Il Vangelo di questa domenica (Giovanni, 15,9-17) ci propone un orientamento e un'esortazione che abbiamo ascoltato mille e mille volte, fino da piccoli e considerato come il nucleo del messaggio evangelico: "Il mio comandamento è questo: amatevi gli uni gli altri come io ho amato voi. Nessuno ha un amore più grande di questo: morire per i propri amici. Voi siete miei amici se fate quello che vi comando. Io non vi chiamo più schiavi, perché lo schiavo non sa cosa fa il suo padrone. Vi ho chiamati amici perché vi ho fatto sapere tutto quello che ho udito dal Padre mio". Il pericolo costante, comprovato anche da una pratica diffusa, è quello della genericità e della occasionalità. Spesso ci si dimentica che il riferimento, la fonte, la verifica dell'amore è lui, Gesù di Nazaret: "Amatevi gli uni gli altri come io ho amato voi". E come ci ha amati? Quali la profondità e la concretezza, quale la qualità e le caratteristiche del suo amore? Un amore mosso dalla compassione, cioè del patire-con, dall'immedesimarsi nelle condizioni, nelle storie delle persone con attenzione immediata e preferenziale ai piccoli, ai poveri, ai sofferenti, agli indifesi, agli esclusi.

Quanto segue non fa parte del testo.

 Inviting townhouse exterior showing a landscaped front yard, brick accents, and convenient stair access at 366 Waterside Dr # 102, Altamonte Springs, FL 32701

Quindi un amore incondizionato, non frenato, limitato, condizionato, orientato dalla condizione di vita delle persone, dalla loro appartenenza culturale e religiosa; non rispondente ai loro meriti; non rifiutato per i loro errori e demeriti. Troppo spesso nella storia della Chiesa in nome di un generico amore di Dio si sono escluse le persone diverse, sacralizzando l'esclusione: appartenenti a determinate ideologie e partiti politici; anticlericali e atei, più di qualche volta per il rifiuto al Dio proposto, contrario anche al Dio di Gesù di Nazaret; eretiche; omosessuali e altre ancora; per non ricordare i secoli delle conquiste e del colonialismo, nei quali pur "predicando" l'amore di Dio si consideravano inferiori gli indios e i neri, si opprimevano, derubavano, convertivano e anche si sterminavano. L'amore di Dio è per tutti, senza differenze o distinzioni. Se noi impariamo dall'amore del Dio di Gesù siamo chiamati a nutrirne la profondità e a viverne la concretezza nelle relazioni con le persone con cui più da vicino condividiamo la nostra vita, a tutte le altre che incontriamo, a tutta l'umanità che compone la famiglia planetaria. L'amore riguarda le dimensioni più intime e la concretezza dell'impegno quotidiano nel lavoro, dell'accoglienza, nelle istituzioni, nella politica, nella Chiesa che dovrebbe essere un ambito speciale per educarci all'amore, dato che annuncia il Vangelo dell'amore. Fondamentale, in realtà, che lo testimoni con coerenza.